Google bomb links often emanate from blogs (usually from the sidebar of the blog) and from forums (where the “bombing” link appears in the signature files of the participants); thus the bombing link often does not form an integral part of the content of the posting (Bar-Ilan, 2006; Kahn & Kellner, 2004). Blogs have been defined as “pages consisting of several posts or distinct chunks of information per page, usually arranged in reverse chronology from the most recent post on the top to the oldest post at the bottom” (Bausch, Haughey & Hourihan, 2002, p. 7). Blogging has become a popular online activity, although according to the Pew Internet & American Life Project, only 8% of Internet users keep a blog, and only 39% read blogs (Lenhart & Fox, 2006).

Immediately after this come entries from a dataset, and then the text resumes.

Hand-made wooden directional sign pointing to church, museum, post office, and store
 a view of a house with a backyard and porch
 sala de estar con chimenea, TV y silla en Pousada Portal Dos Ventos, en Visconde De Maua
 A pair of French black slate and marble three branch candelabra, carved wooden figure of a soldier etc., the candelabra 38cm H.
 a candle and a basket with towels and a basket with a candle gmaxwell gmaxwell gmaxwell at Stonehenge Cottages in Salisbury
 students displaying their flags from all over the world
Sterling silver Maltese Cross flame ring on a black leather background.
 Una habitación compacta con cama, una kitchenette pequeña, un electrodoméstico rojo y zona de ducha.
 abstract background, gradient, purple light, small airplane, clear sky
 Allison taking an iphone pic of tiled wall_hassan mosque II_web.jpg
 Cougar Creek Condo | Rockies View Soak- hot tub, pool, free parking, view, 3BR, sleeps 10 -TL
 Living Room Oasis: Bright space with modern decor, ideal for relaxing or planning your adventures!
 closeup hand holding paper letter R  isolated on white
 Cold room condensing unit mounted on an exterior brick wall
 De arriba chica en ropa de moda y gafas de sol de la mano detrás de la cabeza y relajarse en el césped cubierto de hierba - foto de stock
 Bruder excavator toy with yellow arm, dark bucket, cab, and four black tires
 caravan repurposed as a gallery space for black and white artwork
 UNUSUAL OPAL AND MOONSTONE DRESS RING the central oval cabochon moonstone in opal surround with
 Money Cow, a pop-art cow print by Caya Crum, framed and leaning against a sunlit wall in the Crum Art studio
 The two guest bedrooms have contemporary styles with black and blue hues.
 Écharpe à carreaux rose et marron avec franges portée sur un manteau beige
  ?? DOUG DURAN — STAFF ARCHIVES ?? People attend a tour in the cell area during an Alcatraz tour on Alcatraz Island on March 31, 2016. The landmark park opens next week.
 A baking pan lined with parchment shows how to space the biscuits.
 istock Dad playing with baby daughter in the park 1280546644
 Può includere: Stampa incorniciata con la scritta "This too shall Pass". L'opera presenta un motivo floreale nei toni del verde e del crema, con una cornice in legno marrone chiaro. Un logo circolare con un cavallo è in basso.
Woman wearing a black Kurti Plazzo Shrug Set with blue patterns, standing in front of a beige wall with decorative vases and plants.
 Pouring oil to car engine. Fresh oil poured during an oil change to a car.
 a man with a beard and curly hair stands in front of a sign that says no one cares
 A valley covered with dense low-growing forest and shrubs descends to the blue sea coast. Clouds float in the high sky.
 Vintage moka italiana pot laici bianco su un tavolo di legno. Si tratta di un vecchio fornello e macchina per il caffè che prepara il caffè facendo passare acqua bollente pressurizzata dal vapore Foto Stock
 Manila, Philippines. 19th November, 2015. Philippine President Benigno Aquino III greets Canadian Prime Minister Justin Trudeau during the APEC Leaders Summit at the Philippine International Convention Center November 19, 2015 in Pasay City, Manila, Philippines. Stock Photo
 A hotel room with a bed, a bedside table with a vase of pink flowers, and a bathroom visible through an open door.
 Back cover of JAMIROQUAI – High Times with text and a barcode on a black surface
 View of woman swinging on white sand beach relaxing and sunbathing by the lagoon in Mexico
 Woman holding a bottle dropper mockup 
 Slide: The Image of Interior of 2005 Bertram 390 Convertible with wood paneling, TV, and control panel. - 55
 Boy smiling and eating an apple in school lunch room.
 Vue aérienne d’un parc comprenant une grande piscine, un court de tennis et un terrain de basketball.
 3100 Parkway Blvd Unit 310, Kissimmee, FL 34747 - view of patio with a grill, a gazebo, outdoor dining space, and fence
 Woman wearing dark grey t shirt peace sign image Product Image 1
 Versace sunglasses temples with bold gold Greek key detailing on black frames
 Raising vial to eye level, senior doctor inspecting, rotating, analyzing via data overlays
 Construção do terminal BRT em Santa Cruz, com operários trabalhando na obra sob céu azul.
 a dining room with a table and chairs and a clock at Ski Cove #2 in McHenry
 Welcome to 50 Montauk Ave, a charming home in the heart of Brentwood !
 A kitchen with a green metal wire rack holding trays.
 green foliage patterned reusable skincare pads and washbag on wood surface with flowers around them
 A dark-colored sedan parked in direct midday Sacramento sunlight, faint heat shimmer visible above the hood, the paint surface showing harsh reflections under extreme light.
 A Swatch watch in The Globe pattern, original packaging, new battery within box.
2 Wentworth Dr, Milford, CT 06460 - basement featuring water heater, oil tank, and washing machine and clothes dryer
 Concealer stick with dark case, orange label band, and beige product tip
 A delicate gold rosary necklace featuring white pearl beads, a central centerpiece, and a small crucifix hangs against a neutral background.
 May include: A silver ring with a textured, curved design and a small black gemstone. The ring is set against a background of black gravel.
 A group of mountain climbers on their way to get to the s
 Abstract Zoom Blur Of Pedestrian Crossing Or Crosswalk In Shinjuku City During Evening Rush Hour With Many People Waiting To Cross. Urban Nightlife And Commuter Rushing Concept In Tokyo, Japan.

It is very easy to edit the signature that appears at the bottom of forum messages or to redesign the sidebar of a blog without altering the actual content of individual posts, and this design change at once affects all previously published posts. This process was called “retroactive change of history” by Bar-Ilan (2006). She demonstrated that even during a short period of time (about five months), the linking patterns to the targeted pages changed considerably. These changes occurred without changing the textual content of blog posts. Blog entries have so-called permalinks or permanent links (Bausch et al., 2002); thus changing the sidebars affects all existing blog postings without changing the actual contents of the postings.
Google bombs are one of the means through which Google’s search results are manipulated. This study set out to explore whether Google bombing has a long-term effect on the ranking of search results. In order to do this, a sample of Google bombs was selected, and the content of a sample of source pages (pages from which the links to the targeted page emanate) and the links were analyzed.